--- START ---

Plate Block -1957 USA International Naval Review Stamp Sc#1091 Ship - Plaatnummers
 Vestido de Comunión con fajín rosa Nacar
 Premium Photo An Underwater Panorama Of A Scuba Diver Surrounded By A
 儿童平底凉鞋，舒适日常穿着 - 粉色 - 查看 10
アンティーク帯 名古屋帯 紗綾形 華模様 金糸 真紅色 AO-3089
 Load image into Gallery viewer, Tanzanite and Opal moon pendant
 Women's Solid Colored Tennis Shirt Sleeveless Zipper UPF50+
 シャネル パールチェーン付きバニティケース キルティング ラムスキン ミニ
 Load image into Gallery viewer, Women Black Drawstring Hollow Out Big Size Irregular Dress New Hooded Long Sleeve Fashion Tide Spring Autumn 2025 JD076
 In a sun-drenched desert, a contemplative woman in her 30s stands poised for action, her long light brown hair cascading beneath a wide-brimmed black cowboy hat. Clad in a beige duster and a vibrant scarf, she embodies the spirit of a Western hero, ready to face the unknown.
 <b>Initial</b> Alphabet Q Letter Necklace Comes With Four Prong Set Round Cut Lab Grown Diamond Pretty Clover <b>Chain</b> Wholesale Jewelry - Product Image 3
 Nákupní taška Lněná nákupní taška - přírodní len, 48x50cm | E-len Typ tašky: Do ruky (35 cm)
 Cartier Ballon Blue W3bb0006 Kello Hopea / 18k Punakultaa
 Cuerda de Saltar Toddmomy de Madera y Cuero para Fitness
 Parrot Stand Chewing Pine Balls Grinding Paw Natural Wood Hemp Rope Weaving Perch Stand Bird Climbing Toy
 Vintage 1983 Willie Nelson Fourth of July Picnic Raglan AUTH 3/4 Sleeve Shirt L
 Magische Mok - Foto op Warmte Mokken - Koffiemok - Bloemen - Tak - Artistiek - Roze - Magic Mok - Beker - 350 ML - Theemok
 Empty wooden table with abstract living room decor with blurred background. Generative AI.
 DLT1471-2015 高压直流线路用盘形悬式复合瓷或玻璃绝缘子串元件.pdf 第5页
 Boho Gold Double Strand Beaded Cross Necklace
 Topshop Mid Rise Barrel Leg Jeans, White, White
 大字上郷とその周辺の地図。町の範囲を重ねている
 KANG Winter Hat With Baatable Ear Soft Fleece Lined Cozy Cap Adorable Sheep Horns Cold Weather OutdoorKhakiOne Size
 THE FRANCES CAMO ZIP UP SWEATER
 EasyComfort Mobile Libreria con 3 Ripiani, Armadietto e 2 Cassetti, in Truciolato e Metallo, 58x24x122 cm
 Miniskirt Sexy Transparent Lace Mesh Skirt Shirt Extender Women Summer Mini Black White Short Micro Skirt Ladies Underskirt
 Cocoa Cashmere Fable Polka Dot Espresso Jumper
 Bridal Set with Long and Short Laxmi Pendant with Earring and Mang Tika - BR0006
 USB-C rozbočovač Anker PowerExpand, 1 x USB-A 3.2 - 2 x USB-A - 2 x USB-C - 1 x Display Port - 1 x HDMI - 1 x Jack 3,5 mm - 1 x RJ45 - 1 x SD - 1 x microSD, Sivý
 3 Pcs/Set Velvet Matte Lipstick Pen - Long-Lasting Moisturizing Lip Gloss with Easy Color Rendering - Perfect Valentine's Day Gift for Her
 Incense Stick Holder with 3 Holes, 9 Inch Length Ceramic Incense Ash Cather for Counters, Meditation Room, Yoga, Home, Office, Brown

--- END ---

# Task to carry out
Every word in the records must appear in your copy exactly as it does above.

# Problem solution
Plate Block -1957 USA International Naval Review Stamp Sc#1091 Ship - Plaatnummers
 Vestido de Comunión con fajín rosa Nacar
 Premium Photo An Underwater Panorama Of A Scuba Diver Surrounded By A
 儿童平底凉鞋，舒适日常穿着 - 粉色 - 查看 10
アンティーク帯 名古屋帯 紗綾形 華模様 金糸 真紅色 AO-3089
 Load image into Gallery viewer, Tanzanite and Opal moon pendant
 Women's Solid Colored Tennis Shirt Sleeveless Zipper UPF50+
 シャネル パールチェーン付きバニティケース キルティング ラムスキン ミニ
 Load image into Gallery viewer, Women Black Drawstring Hollow Out Big Size Irregular Dress New Hooded Long Sleeve Fashion Tide Spring Autumn 2025 JD076
 In a sun-drenched desert, a contemplative woman in her 30s stands poised for action, her long light brown hair cascading beneath a wide-brimmed black cowboy hat. Clad in a beige duster and a vibrant scarf, she embodies the spirit of a Western hero, ready to face the unknown.
 <b>Initial</b> Alphabet Q Letter Necklace Comes With Four Prong Set Round Cut Lab Grown Diamond Pretty Clover <b>Chain</b> Wholesale Jewelry - Product Image 3
 Nákupní taška Lněná nákupní taška - přírodní len, 48x50cm | E-len Typ tašky: Do ruky (35 cm)
 Cartier Ballon Blue W3bb0006 Kello Hopea / 18k Punakultaa
 Cuerda de Saltar Toddmomy de Madera y Cuero para Fitness
 Parrot Stand Chewing Pine Balls Grinding Paw Natural Wood Hemp Rope Weaving Perch Stand Bird Climbing Toy
 Vintage 1983 Willie Nelson Fourth of July Picnic Raglan AUTH 3/4 Sleeve Shirt L
 Magische Mok - Foto op Warmte Mokken - Koffiemok - Bloemen - Tak - Artistiek - Roze - Magic Mok - Beker - 350 ML - Theemok
 Empty wooden table with abstract living room decor with blurred background. Generative AI.
 DLT1471-2015 高压直流线路用盘形悬式复合瓷或玻璃绝缘子串元件.pdf 第5页
 Boho Gold Double Strand Beaded Cross Necklace
 Topshop Mid Rise Barrel Leg Jeans, White, White
 大字上郷とその周辺の地図。町の範囲を重ねている
 KANG Winter Hat With Baatable Ear Soft Fleece Lined Cozy Cap Adorable Sheep Horns Cold Weather OutdoorKhakiOne Size
 THE FRANCES CAMO ZIP UP SWEATER
 EasyComfort Mobile Libreria con 3 Ripiani, Armadietto e 2 Cassetti, in Truciolato e Metallo, 58x24x122 cm
 Miniskirt Sexy Transparent Lace Mesh Skirt Shirt Extender Women Summer Mini Black White Short Micro Skirt Ladies Underskirt
 Cocoa Cashmere Fable Polka Dot Espresso Jumper
 Bridal Set with Long and Short Laxmi Pendant with Earring and Mang Tika - BR0006
 USB-C rozbočovač Anker PowerExpand, 1 x USB-A 3.2 - 2 x USB-A - 2 x USB-C - 1 x Display Port - 1 x HDMI - 1 x Jack 3,5 mm - 1 x RJ45 - 1 x SD - 1 x microSD, Sivý
 3 Pcs/Set Velvet Matte Lipstick Pen - Long-Lasting Moisturizing Lip Gloss with Easy Color Rendering - Perfect Valentine's Day Gift for Her
 Incense Stick Holder with 3 Holes, 9 Inch Length Ceramic Incense Ash Cather for Counters, Meditation Room, Yoga, Home, Office, Brown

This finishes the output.